After being dismissed by Arkansas for undisclosed reasons, Osabuohien joined West Virginia, where he averaged 4.9 points and 5.3 rebounds per game as a senior and earned the Big 12 Defensive Player of the Year award after ranking 21st in both blocks, with 0.6 and steals with 1.2 per game while being among the best in the nation in advanced stats.

==Professional career==
===Cleveland Charge (2022–2024)===
After going undrafted in the 2022 NBA draft, Osabuohien joined the Cleveland Charge on October 24, 2022, playing 41 games and averaging 2.6 points, 3.9 rebounds and 1.9 assists in 16.1 minutes.

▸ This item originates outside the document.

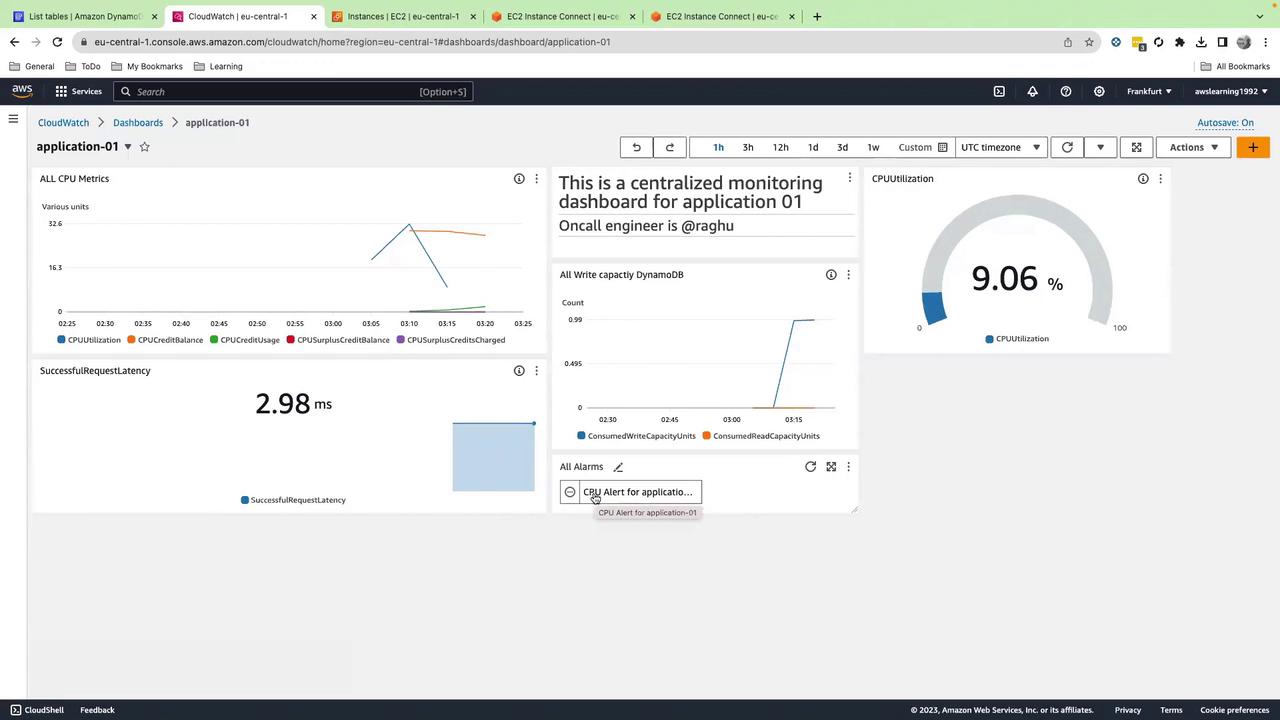 The image shows an AWS CloudWatch dashboard for "application-01," displaying various metrics such as CPU utilization, DynamoDB write capacity, and request latency, along with an alert notification.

On October 28, 2023, Osabuohien re-joined the Charge where he played in 37 games and averaged 2.5 points, 3.4 rebounds and 2.7 assists in 12.8 minutes. On April 4, 2024, he received the Jason Collier Sportsmanship Award, for his character both on the court and in the community.

===Calgary Surge (2024)===
On April 15, 2024, Osabuohien signed with the Calgary Surge of the Canadian Elite Basketball League, playing in 12 games while averaging 6.6 points, 4.5 rebounds and 3.8 assists in 18.4 minutes.

===Return to the Charge (2024)===
In July 2024, Osabuohien joined the Cleveland Cavaliers for the 2024 NBA Summer League and on September 24, 2024, he signed with the team. However, he was waived that day and on October 26, he re-joined the Cleveland Charge.

=== Calgary Surge (2025) ===
On April 9, 2025, Osabuohien signed a one-year contract to return to the Calgary Surge for another season. He was one of only two returning players. He switched from number 2 to 22.

==Personal life==
The son of Kingsley and Roseline Osabuohien, he has two siblings. He graduated with a bachelor's degree in multidisciplinary studies and is pursuing a master's degree in sport management.

On June 3, 2023, Osabuohien was involved in a car accident, suffering two broken ribs, and a broken nose.